My dear "Love" Lamp

What is the perfect gift for St. Valentine's Day ? It definitely is the 'I love you ' lamp with a green leaf and a red heart.

After switching the electricity on the bulb lights - the hearts glow in red and the letters in green. Actually, it is not the hearts that glow but the reddish mist around them.

The bulb is filled with noble gas, neon under low pressure. The electrical discharge in neon creates red afterglow. The plate with the words is covered with a fluorescent paint which glows in green under bombardment of discharged electrons.

Nowadays it is very difficult to find a neon-filled bulb which would glow in red.
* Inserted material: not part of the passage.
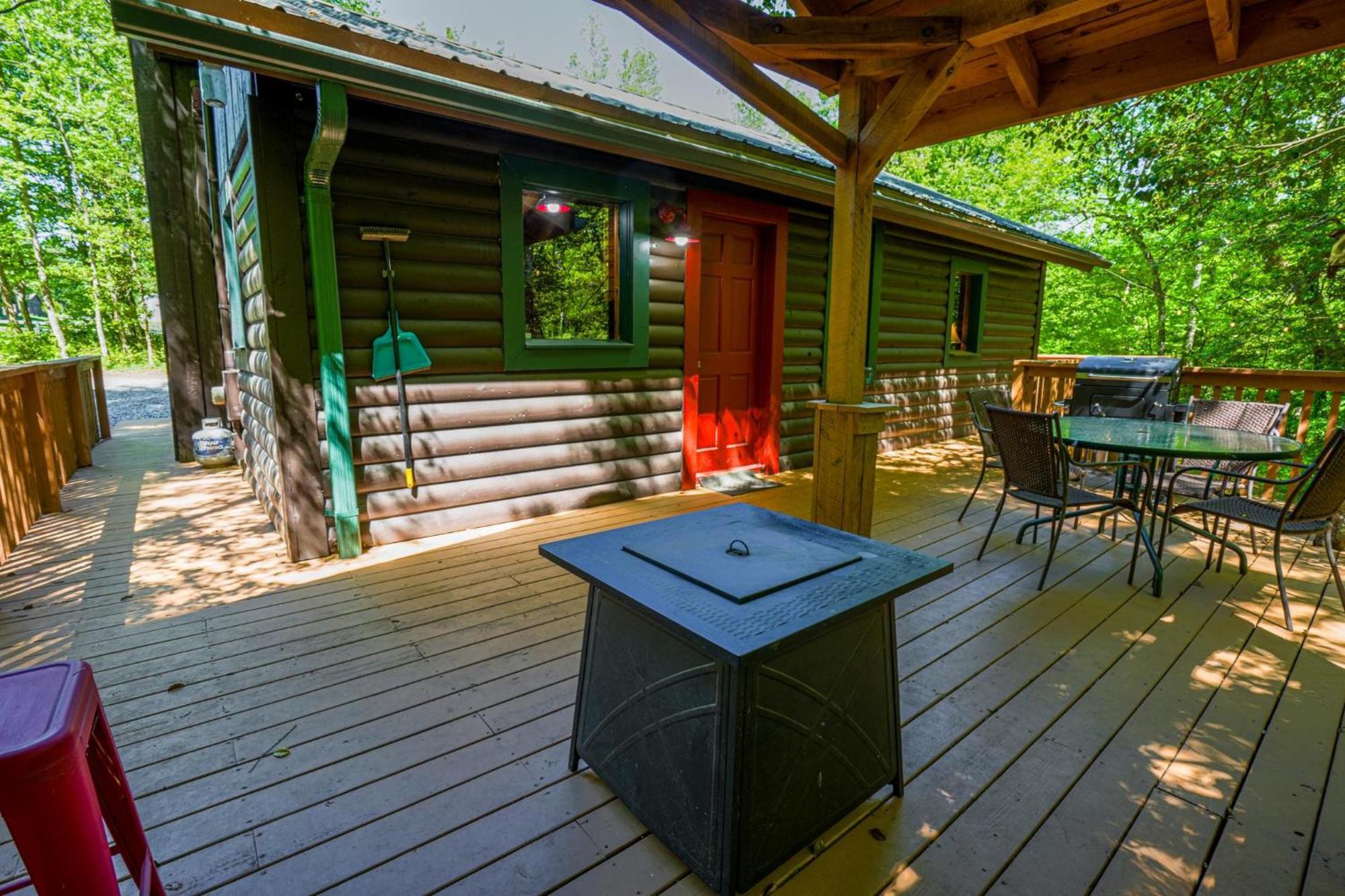 The Big Little Cabin - Hot Tub & Playground ดาห์ลอนีกา ภายนอก รูปภาพ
The so-called 'neon' bulbs contain argon and mercury and glow in white (or argon and sodium, and glow in yellow). Similarly, a 'real' fluorescent screen glowing in green and covered with zinc sulphide can be found only in old oscilloscopes or black and white TV sets.

The luminescence phenomena are quite common. Some old clock faces illuminate in the darkness without any battery. We call this effect - phosphorescence. It had been observed long before it was explained.
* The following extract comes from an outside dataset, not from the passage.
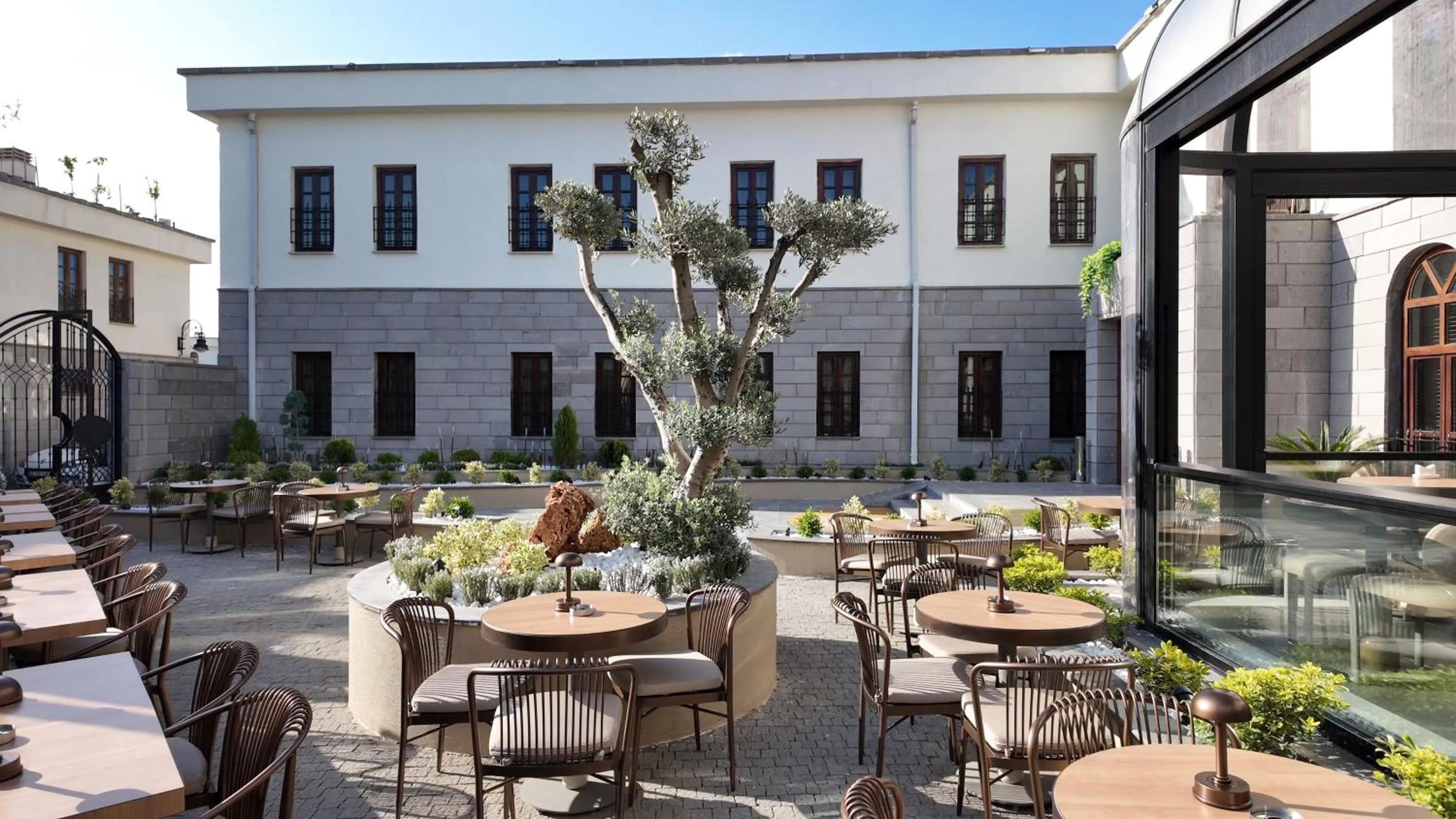 Property building in Rempart Hotel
The reason for photoluminescence is that atoms or molecules, absorbing energy, get excited. An electron in such an atom passes to a higher energetic state. An excited atom can re-radiate energy, when the excited electron comes back to its fundamental state.
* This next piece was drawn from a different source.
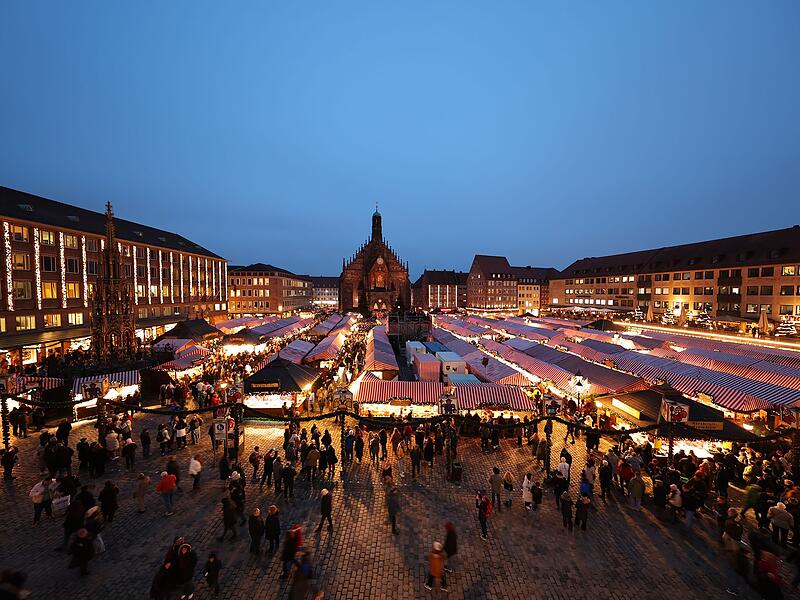 Eröffnung Nürnberger Christkindlesmarkt 2025 Eröffnung Nürnberger Christkindlesmarkt 2025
Illuminating by UV light brings atoms to relatively high energetic states. Usually, atoms come back quickly to the fundamental states. But it can also happen, for some atoms that electrons do not come back to the same fundamental state but "jump-down" to some lower intermediate state and only later, from this intermediate state they come back to the fundamental state. So two photons are emitted, both of them carrying lower energy than the impinging photon, and one of them can be in the visible range. This is "fluorescence" effect, as in the case of our "Love" lamp.